Admired her and more, which he shouldn’t even be thinking of, but at the same time, he was glad he felt something. He’d wondered what ailed him, as his friends and even his sister managed to find people to love. Worried he was broken inside him and would always be alone. Could be he’d just not found the right person.
He glanced at her.
“You’re staring at me again.”
“You’re a remarkable woman, Kay.”
The blush was worth her brusque, “Shut up.”
The area they were in had a funky smell to it. Musty, dusty, and somehow rancid. They must be nearing a nest.
“Quiet now,” she said softly. She slowed her steps and moved carefully, easing the crossbow to aim it in front of her.
A part of him wanted to jump in as a shield, but he knew she’d hate it, so he remained guarding her back. In the remnants of a room that still held the long stone benches carved from the walls, he expected them to halt. The smell of rotted meat filled the nose, and he could feel the hot, ashy air blowing from somewhere nearby.
But Kayda stepped past the waiting area to the partially collapsed doorway.
“I thought we were waiting for nighttime?” he whispered, and it still sounded too loud in this abandoned place.
“We will wait for night to cross the plateau to the tower
, but I thought we might want to remove a threat in the meantime.”
“As in take out a dragon?” He grinned. “You sure know how to show a guy a good time. What are we waiting for?”
Chapter 10
After Kayda told Cam they’d be taking out a dragon, he practically ran out the partially blocked entrance. She would have thought he didn’t grasp the danger, except she knew he did. But a man who could heal like he did probably didn’t worry as much as other people.

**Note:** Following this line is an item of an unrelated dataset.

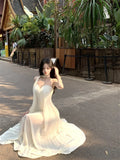 KYLETHOMASW  -  Summer French Vacation Bohemian Chic Dress Women's Lace Tulle Slim Tube Top Dress Backless Sexy Fairy-style Formal Gown Fashion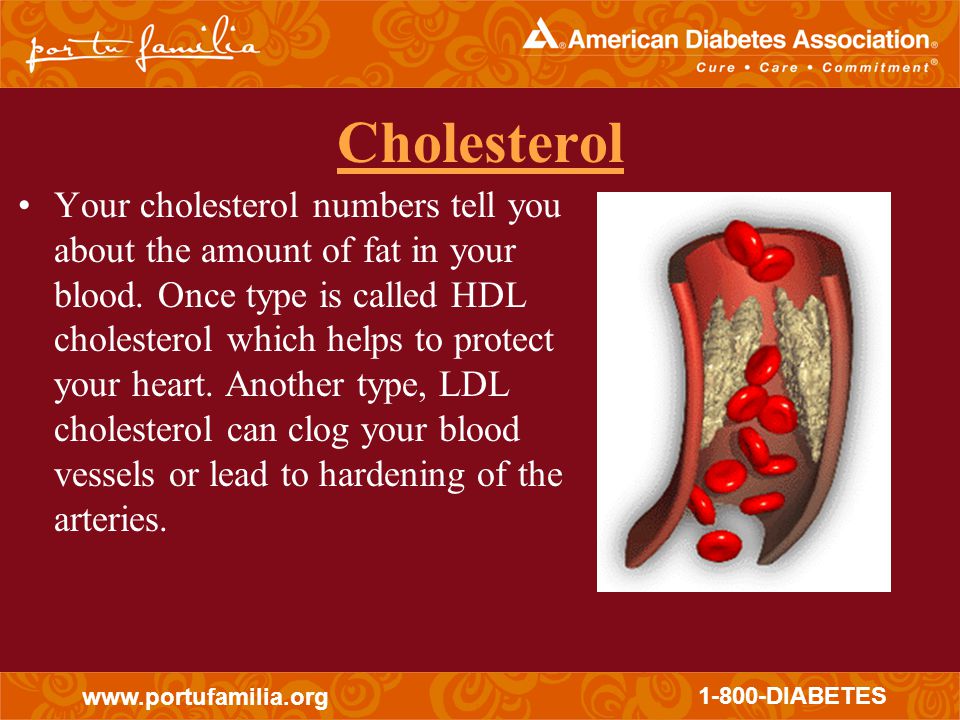 DIABETES Cholesterol Your cholesterol numbers tell you about the amount of fat in your blood.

They waited by the narrow slit for the dragon to return. In the tedious silence that followed, she couldn’t help but contemplate what insanity possessed her to offer to lead him to the tower.
First off, she’d lied about being superfluous for the exodus preparations. They could have used her around, not so much to help prepare but to offer moral support. Everyone was on edge and scared. No one knew what would happen. Everyone kept eyeing the barricaded door to the basement, fear radiating from them. They jumped at the slightest sound, waiting for a ghoul attack.
She should have been there to reassure them. Instead she was on a foolish mission. The tower was dangerous, and not just because of the dragon. Parts of it still stood but only precariously. The damage done to it since it was abandoned was severe. It was the first of their buildings to get taken over completely. The drake who’d chosen to use it as a roost was the biggest one of all. She’d once overheard her daddy say the tower was where the war started in Diamond.
The dragons had since won that war.
No one had ever managed to kill the big drake, though not for a lack of trying. Until her father died. The attempts halted then.
Now that she was older, it did make her wonder why her father was so desperate to regain the tower. What was inside the ruins that was worth so many lives?
The question had plagued her for a long while now. What if her father knew of something in there that could save them? But why then not tell people about it?
For the same reason she didn’t mention it as a possibility. False hope. It seemed cruel to offer it to the people who looked up to her most. That didn’t mean she shouldn’t explore every avenue, no matter how farfetched.
Or maybe not so farfetched. What was my father trying to accomplish? Would his daughter succeed in his place?